Food manufacturers like to splash eye-catching claims on packages to entice you at the supermarket: “Natural!” “Whole Grain!” “Healthy!”
But do these terms actually mean anything? And when you look at the nutritional label on packages, are you really getting all the information you need to make smart food choices?
Three lawmakers thinks the answer to both questions is an emphatic “no.” You deserve better labels to better compare products, they say, so they’ve introduced the Food Labeling Modernization Act of 2013 to update and strengthen food-labeling requirements. (This would be the first update to the food-labeling section of the Federal Food, Drug, and Cosmetic Act since 1990. Some sections of this law haven’t been updated since 1938.)
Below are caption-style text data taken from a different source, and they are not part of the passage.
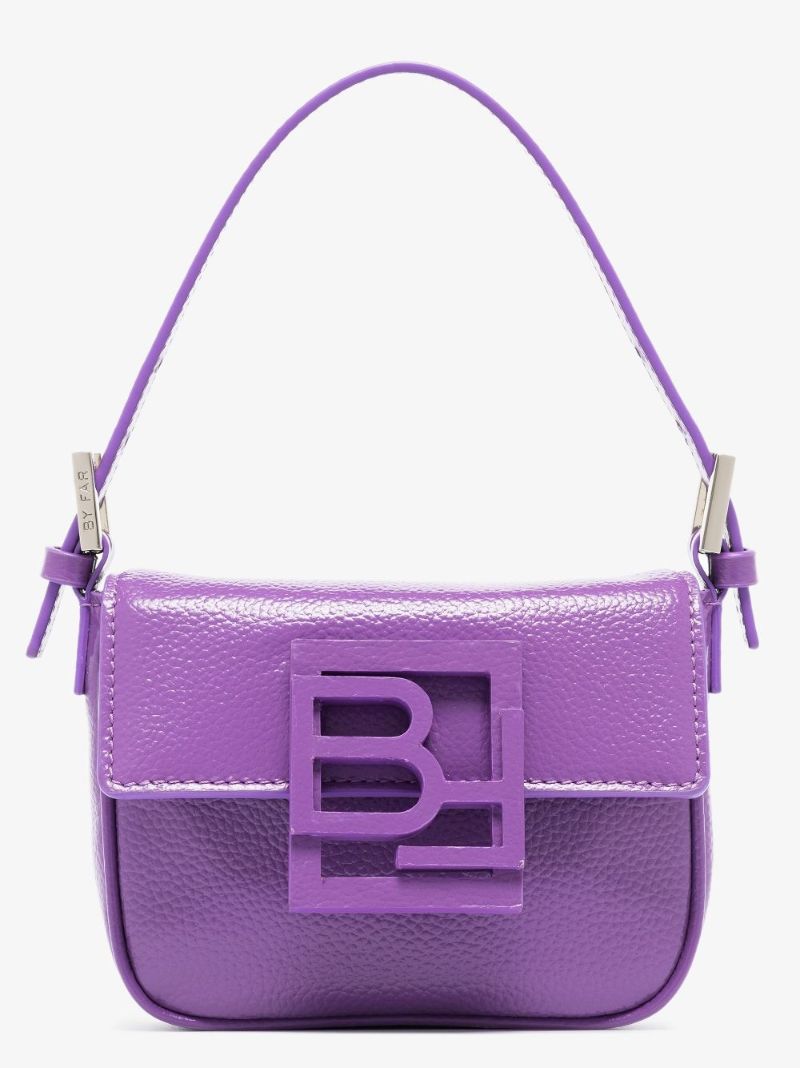 Purple Alfie Mini Leather Top Handle Bag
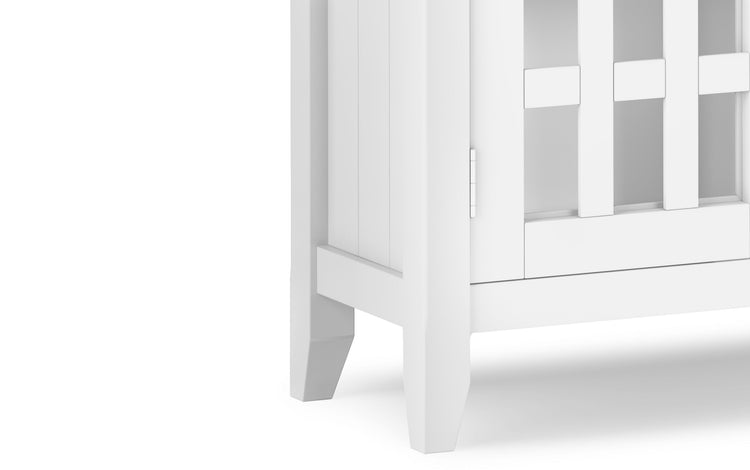 White | Bedford Low Storage Cabinet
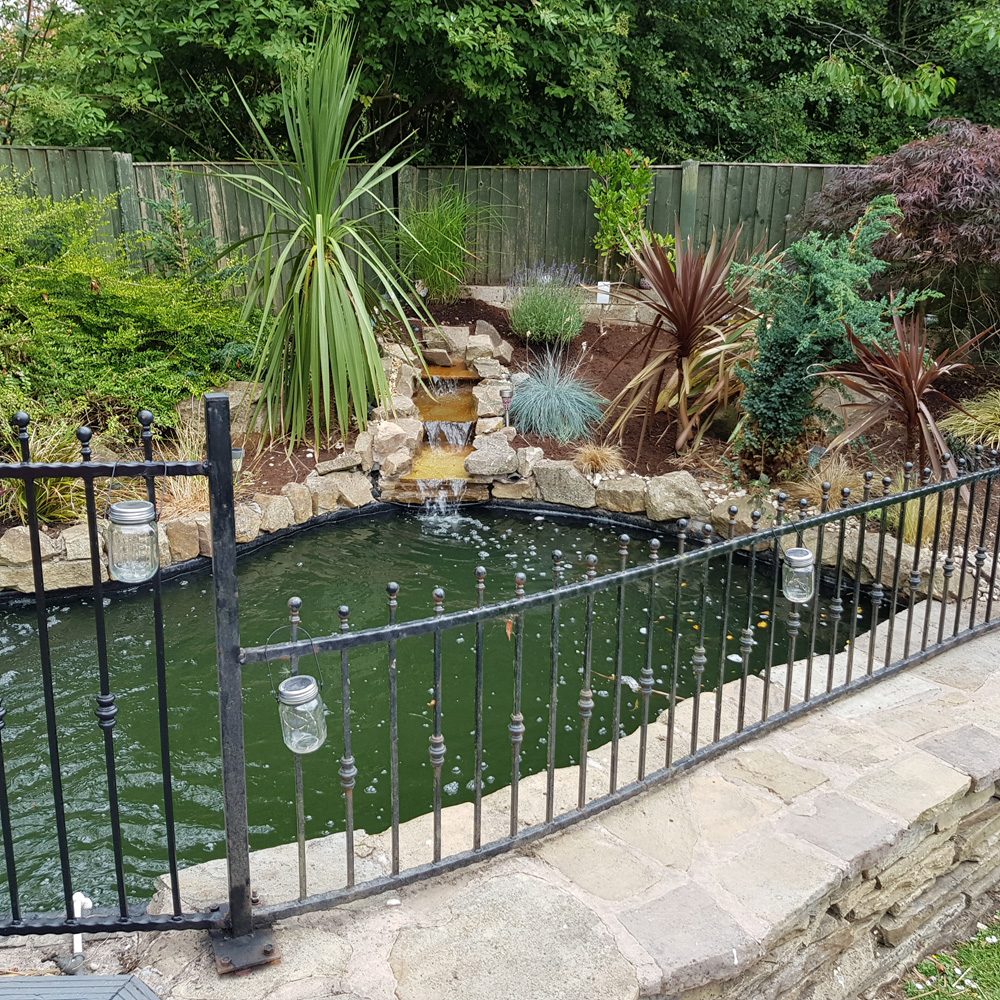 Natural Looking Pond Installation (1)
Consumers Union, the policy and advocacy division of Consumer Reports, recently joined the trio—Sen. Richard Blumenthal (D-Conn.) and Reps. Frank Pallone (D-N.J.) and Rosa DeLauro (D-Conn.)—at a press conference in support of the legislation.
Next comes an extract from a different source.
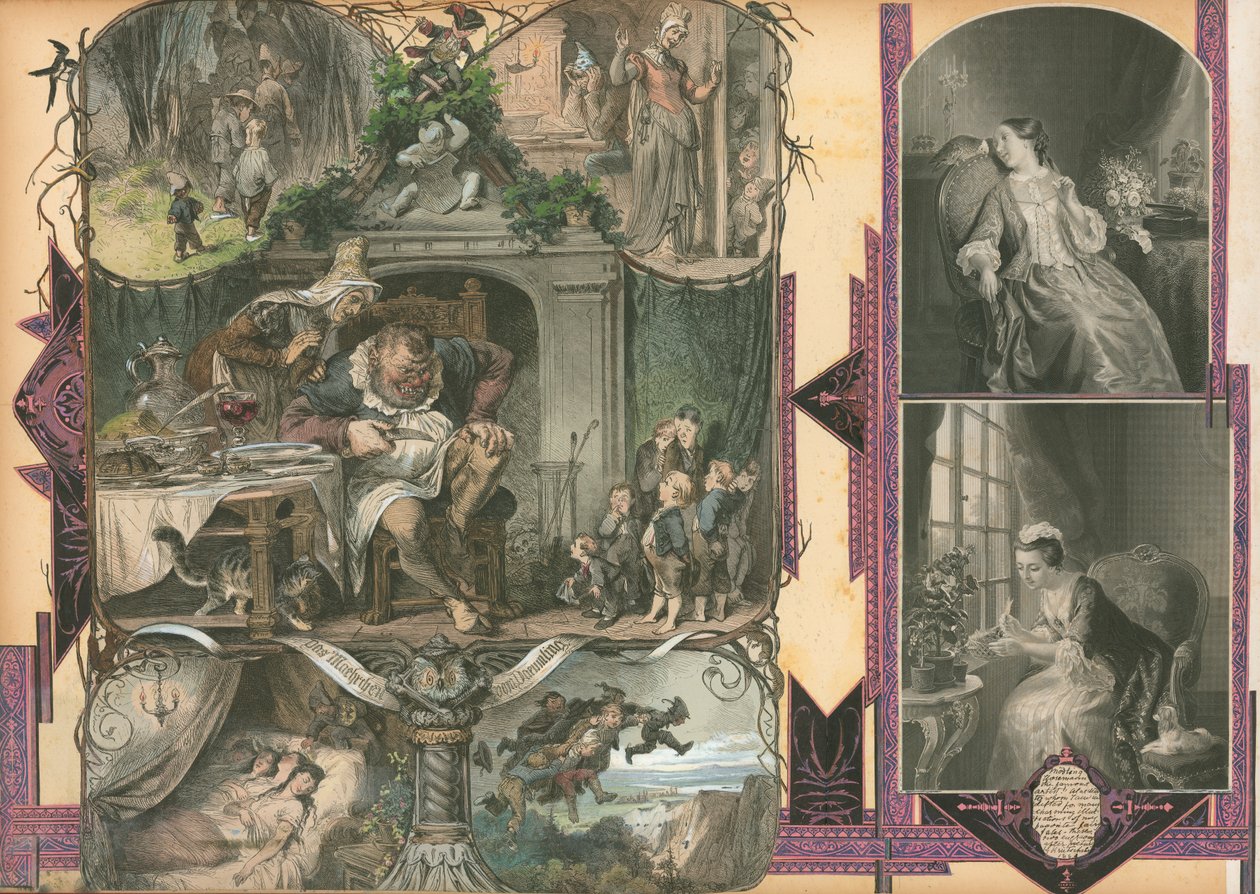 Sammelsurium 第三卷页面（印刷品） 作者 欧洲学校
The bill would order the Food and Drug Administration to create a standardized system for labels on food packaging. The goal is to make it easier for you to compare the nutritional information of one product to another.
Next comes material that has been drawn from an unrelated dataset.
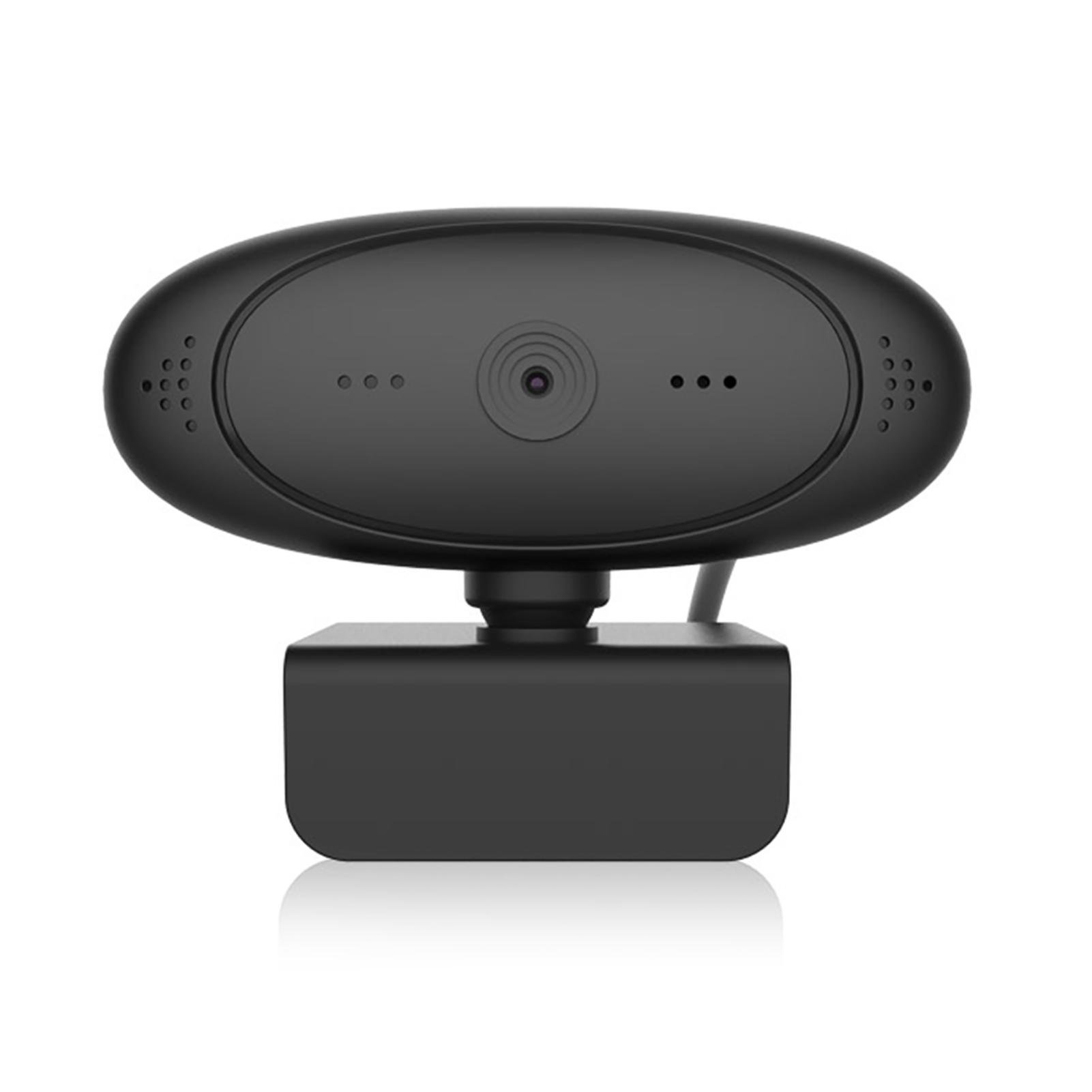 1080P HD Computer Camera Video Conference Camera Webcam 2 Mega Pixel Auto Focus 360° Rotation USB Plug & Play with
The bill would also require the FDA to update guidelines and definitions for marketing claims that can be misleading, such as labeling a product “natural” or “healthy.” These terms aren’t defined for most foods, and vague marketing could lead you to think that you’re getting a product that’s far different from what the label suggests. The August 2013 Consumer Reports article "Making Sense of Food Labels" explored the confusing nature of many of today’s food-label claims.
One item in the bill that we particularly like would disclose the caffeine level in a product if it exceeds 10 milligrams per serving. Today, even when caffeine is listed as an ingredient, you might not know exactly how much you’re consuming. This lack of detail is a serious concern when it comes to highly caffeinated products such as energy drinks, which are often marketed to teens and younger kids.
A December 2012 Consumer Reports investigation looked at caffeine levels in 27 top-selling energy drinks and shots. Five of the 16 products listing a specific amount of caffeine exceeded that level by 20 percent in the tested samples.
Such cases help to make the case for better information that would help you make smart choices for yourself and your family.